■ **Work item**
Using the entries that follow, transcribe only the lines from the line with "Rolex Daytona Roségold" to the line with "Velouté Chou-fleur et fenouil", both included, exactly as they stand and without pictures.

■ **The data**
--- START ---

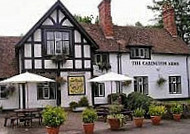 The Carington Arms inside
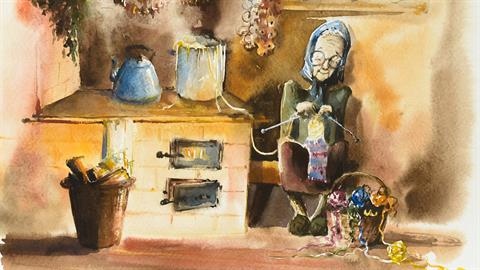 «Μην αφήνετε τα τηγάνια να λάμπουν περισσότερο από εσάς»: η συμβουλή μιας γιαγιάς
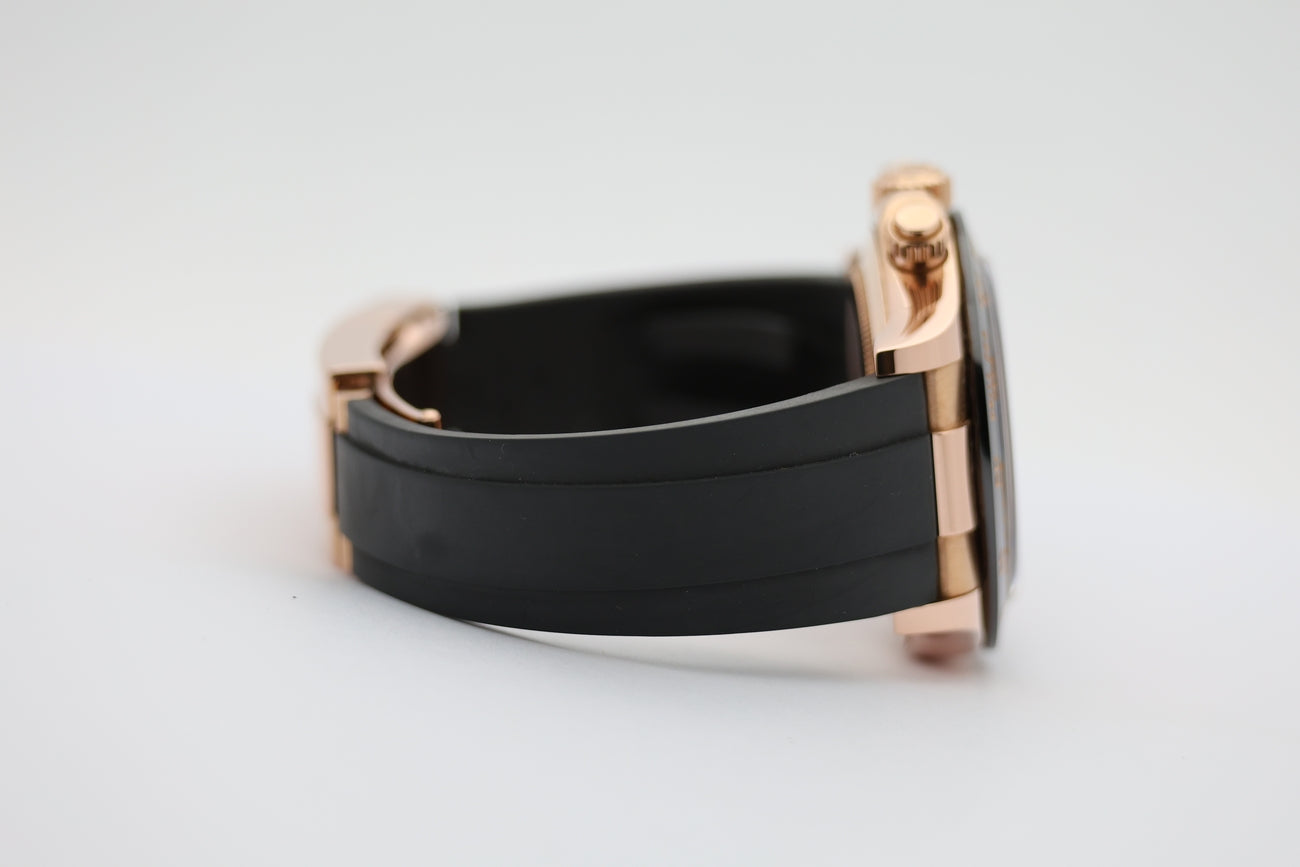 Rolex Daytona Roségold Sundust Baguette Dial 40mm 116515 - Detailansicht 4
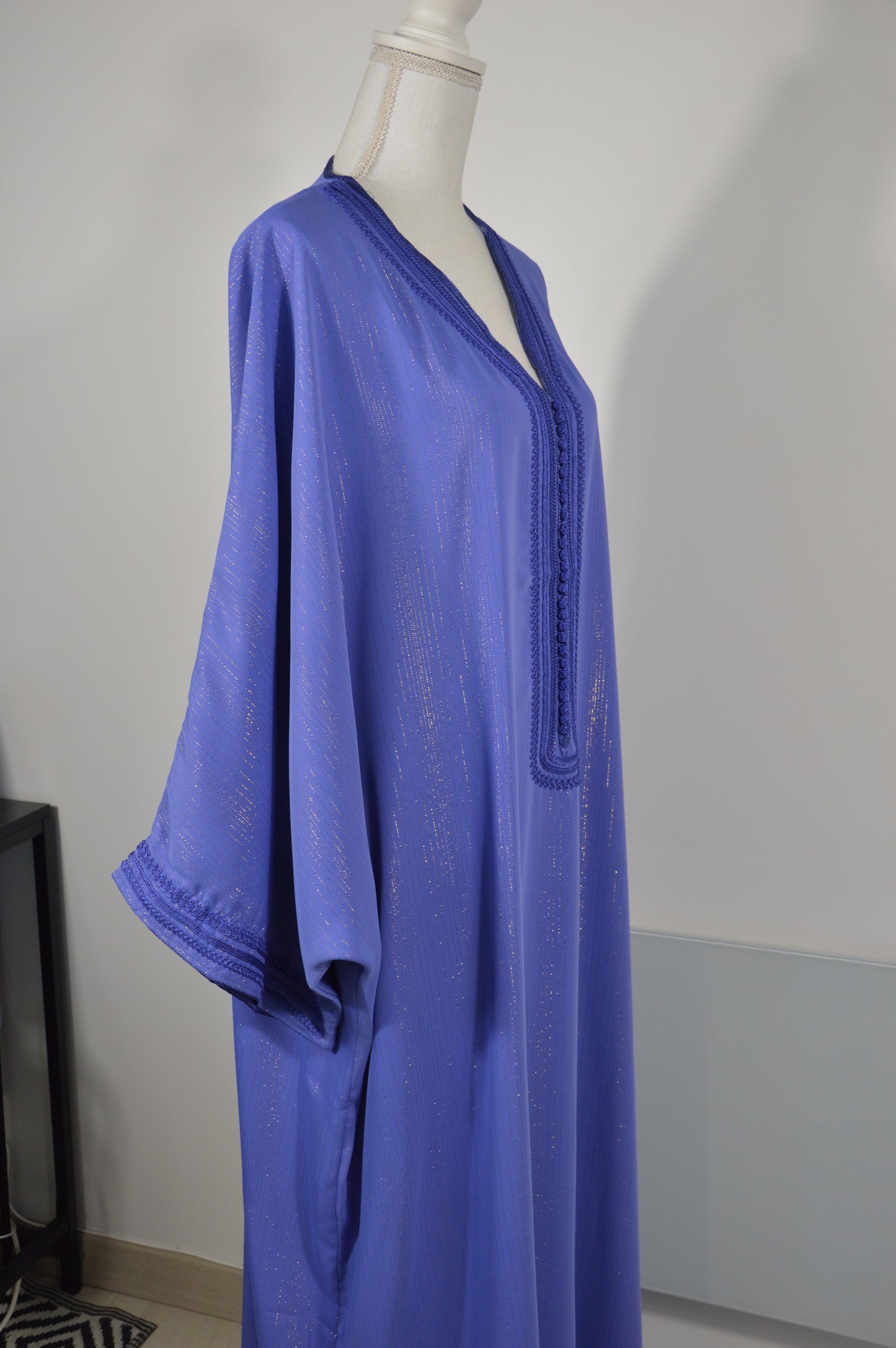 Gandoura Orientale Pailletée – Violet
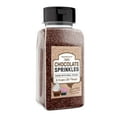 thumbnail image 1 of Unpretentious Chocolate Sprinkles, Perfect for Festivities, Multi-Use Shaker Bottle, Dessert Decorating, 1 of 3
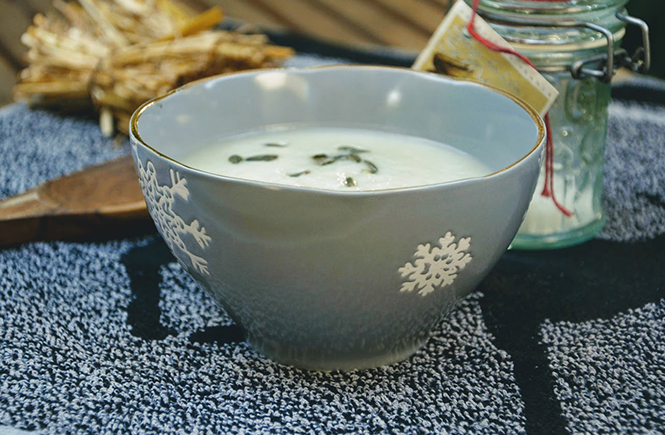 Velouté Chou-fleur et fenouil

--- END ---
--- START ---

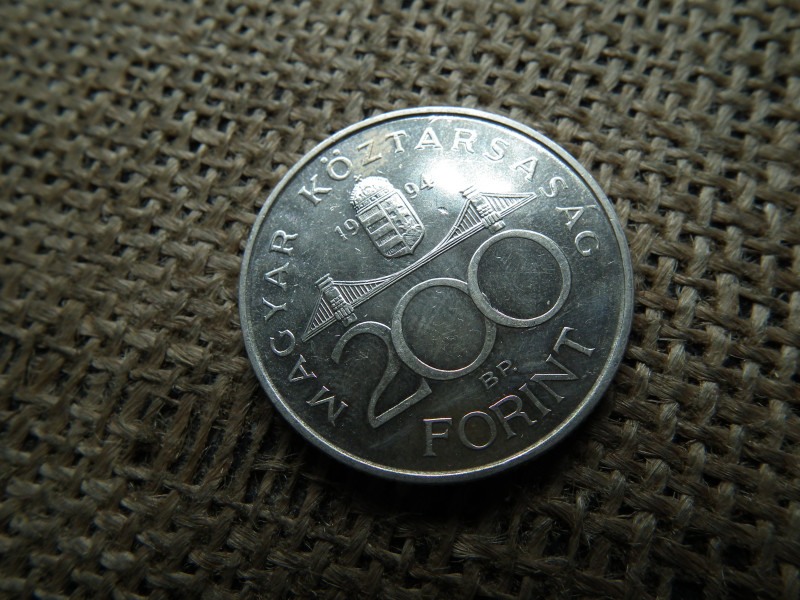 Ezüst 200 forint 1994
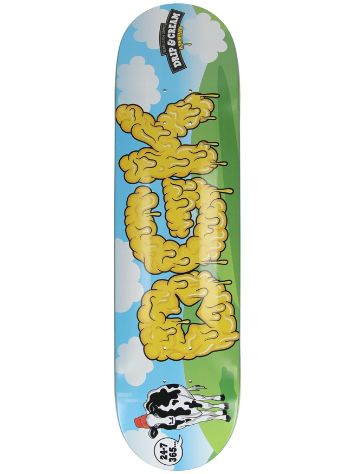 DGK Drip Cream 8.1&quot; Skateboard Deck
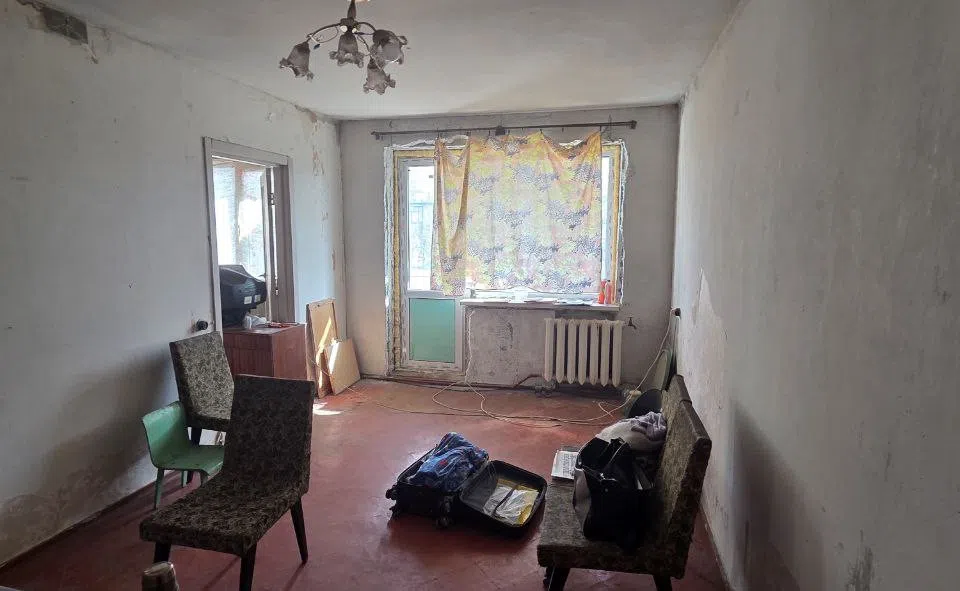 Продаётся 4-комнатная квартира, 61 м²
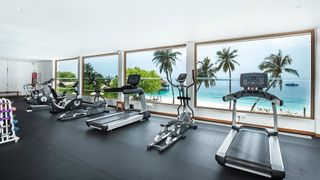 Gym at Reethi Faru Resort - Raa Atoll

--- END ---

■ **Expected output**
 Rolex Daytona Roségold Sundust Baguette Dial 40mm 116515 - Detailansicht 4
 Gandoura Orientale Pailletée – Violet
 thumbnail image 1 of Unpretentious Chocolate Sprinkles, Perfect for Festivities, Multi-Use Shaker Bottle, Dessert Decorating, 1 of 3
 Velouté Chou-fleur et fenouil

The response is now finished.